Keith Odo Newman, whom the Guardian has described as "a homosexual Austrian psychoanalyst," authored 250 Times I Saw A Play, which was published in 1944. As the title suggests, it describes his experience of watching a play 250 times. The play was Flare Path by Terence Rattigan.



The backstory here is that Newman was Rattigan's doctor. According to TactNYC.org:

When World War II broke out, Rattigan, who was seeing a bizarrely charismatic psychiatrist named Dr. Keith Newman, decided, with the encouragement of his doctor, to enlist with the RAF. Despite the fact that he wasn’t at all mechanically inclined and was a social snob, Rattigan flourished in the egalitarian RAF, mastering the technical requirements and becoming an air gunner wireless operator (like Dusty Miller in Flare Path). It was while he was serving active duty that he wrote Flare Path and its creation seemed to dissolve the writer’s block under which Rattigan was suffering.

For some reason, Rattigan asked Newman to personally direct the performance of the lead actor in the play, Jack Watling, and Newman proceeded to become obsessed with Watling. Which is why, I assume, Newman ended up watching the play 250 times.
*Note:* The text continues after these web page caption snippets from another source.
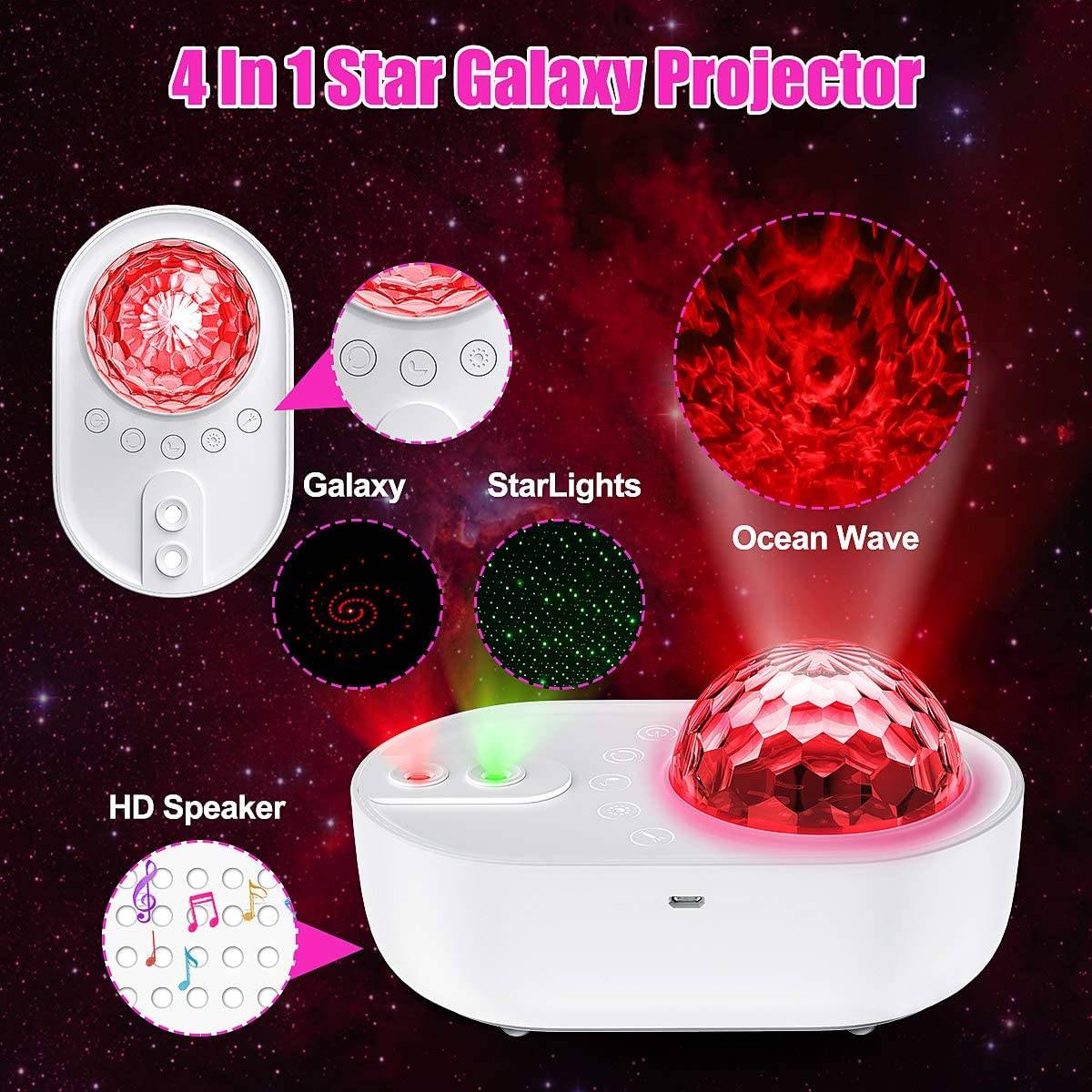 Starry Night Light Projector with Bluetooth Speaker Night Lamps Novelty Lightings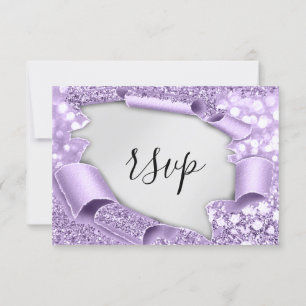 UAWG Wedding Glitzer Bridal Lila Silver Elegant RSVP Karte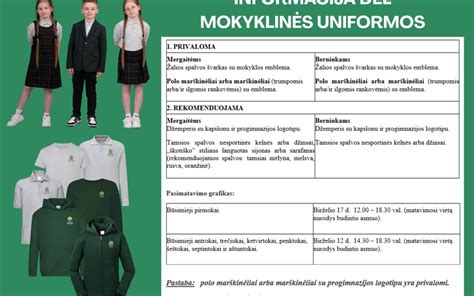 Schema su mokyklinės uniformos dydžių matavimu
Rattigan's biographer, Geoffrey Wansell, offers more details:

During rehearsals, which took place at the Apollo, Newman said nothing. 'He just sat there in the stalls, silent', according to Watling. 'But just before the play opened in Oxford, where I was to stay with him in his flat at Number 36 Holywell, he took me to the Lake District for three days of what he called intensive voice training.' The psychiatrist had devised a set of vocal exercises, which he insisted he practised for hours at a time. 'It was unbelievable,' Watling recalled. 'He took over my life completely.'...
At this stage Newman had not made a homosexual pass at Watling. That came later. Newman simply frightened him beyond words. 'I couldn't do anything without asking his permission. I was heterosexual then, and I am now, but Newman pretty much gave me a nervous breakdown. I couldn't cope with him.' Why Newman had this power, or why people submitted to him, Watling is just as unable to explain now as he was then.

After completing his odd book, Newman sent the manuscript to George Bernard Shaw, who wrote back with a few of his thoughts about it. Shaw's comments weren't very complimentary, but Newman nevertheless included a facsimile of them at the front of the book. Shaw wrote:

I don't know what to say about this book. The experience on which it is founded is so extraordinary, that an honest record of it should be preserved. But it would have driven me mad; and I am not sure that the author came out of it without a slight derangement.

Sure enough, Newman was subsequently certified insane and died in a mental institution.
     Posted By: Alex - Mon Nov 02, 2020
     Category: Theater and Stage | Books | 1940s





Comments
I've seen the "Rocky Horror Picture Show" a good number of times, but nowhere near the claimed 250 for this.